What the task asks — Only the lines of the listing below that run from the line with "Air Jordan 3" through the line with "Good Karma Miyuki Bracelet" are to be set down, word for word. Pictures stay out.

Exercise materials —
^^^^^^^^

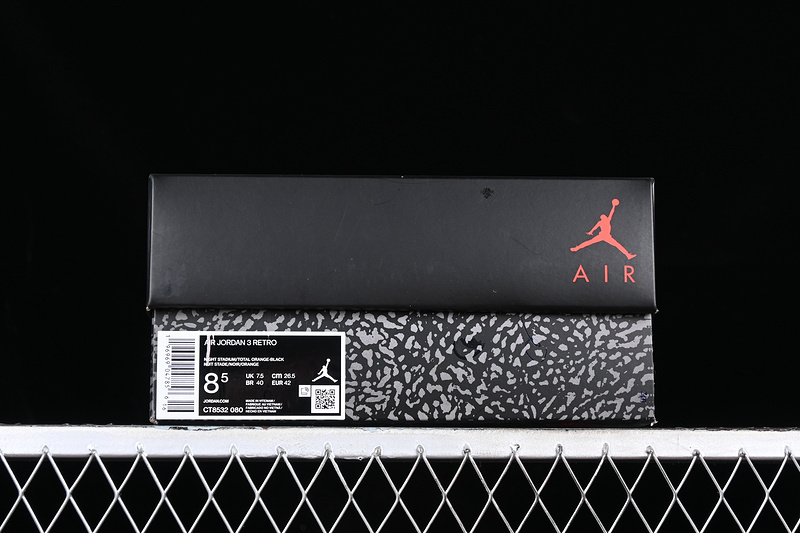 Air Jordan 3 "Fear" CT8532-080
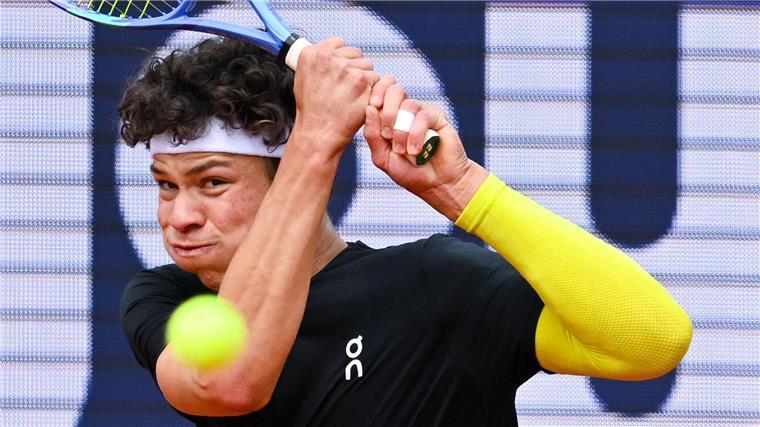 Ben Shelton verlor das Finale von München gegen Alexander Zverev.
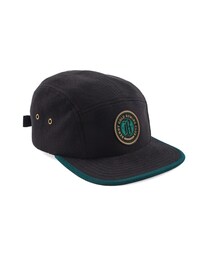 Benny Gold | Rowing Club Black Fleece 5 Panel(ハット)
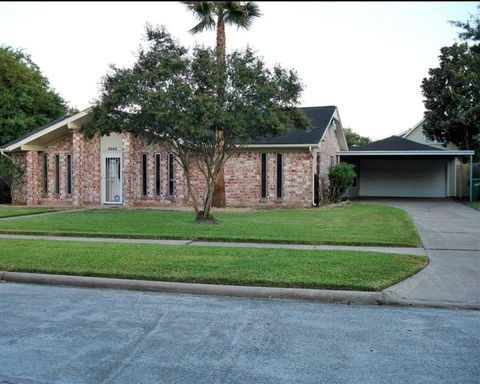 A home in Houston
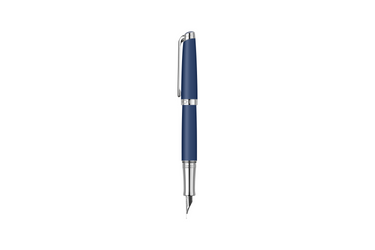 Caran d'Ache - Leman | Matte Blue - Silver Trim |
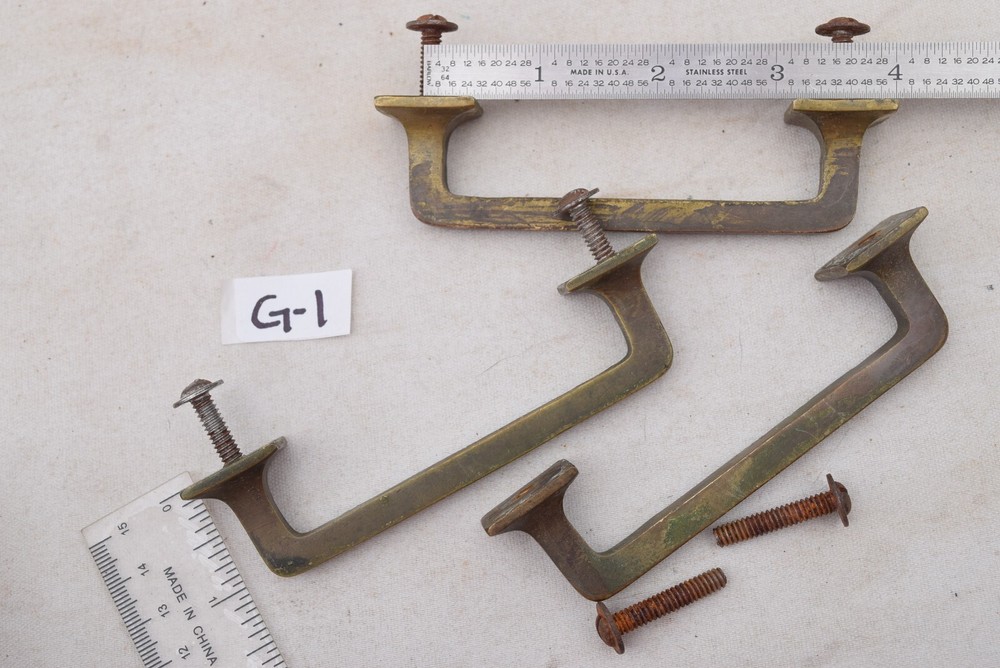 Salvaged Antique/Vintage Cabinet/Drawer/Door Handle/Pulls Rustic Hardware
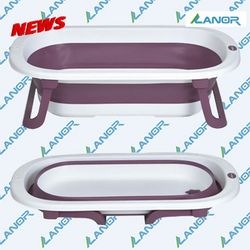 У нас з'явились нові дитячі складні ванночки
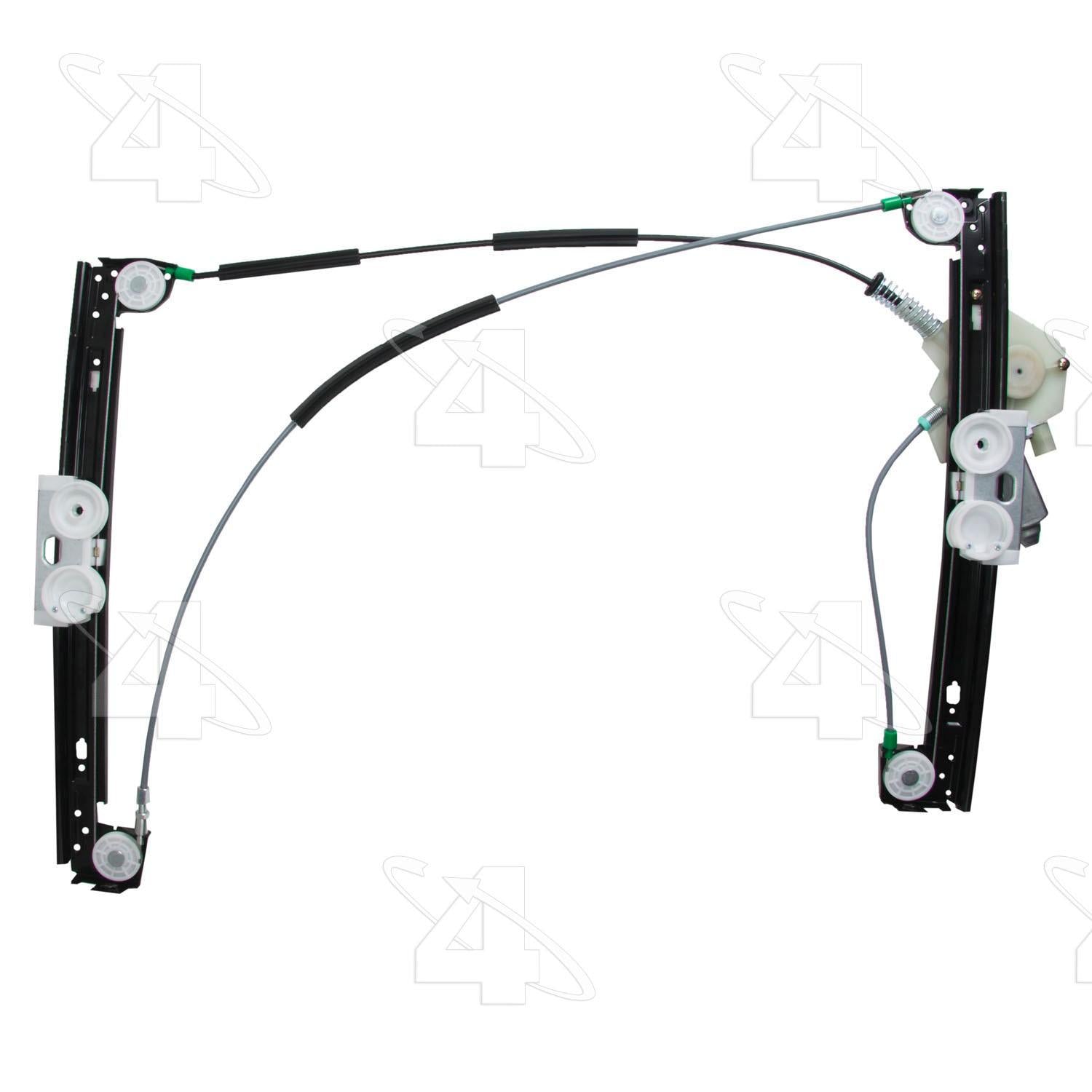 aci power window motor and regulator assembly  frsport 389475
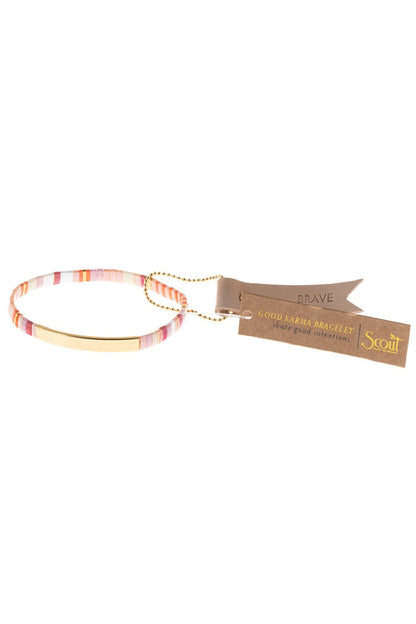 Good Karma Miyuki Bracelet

^^^^^^^^

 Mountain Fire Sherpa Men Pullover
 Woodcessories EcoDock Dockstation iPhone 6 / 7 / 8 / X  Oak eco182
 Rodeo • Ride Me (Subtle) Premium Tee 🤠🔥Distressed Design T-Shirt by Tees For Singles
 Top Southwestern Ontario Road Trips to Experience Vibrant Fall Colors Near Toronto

^^^^^^^^

Task solution —
 Air Jordan 3 "Fear" CT8532-080
 Ben Shelton verlor das Finale von München gegen Alexander Zverev.
 Benny Gold | Rowing Club Black Fleece 5 Panel(ハット)
 A home in Houston
 Caran d'Ache - Leman | Matte Blue - Silver Trim |
 Salvaged Antique/Vintage Cabinet/Drawer/Door Handle/Pulls Rustic Hardware
 У нас з'явились нові дитячі складні ванночки
 aci power window motor and regulator assembly  frsport 389475
 Good Karma Miyuki Bracelet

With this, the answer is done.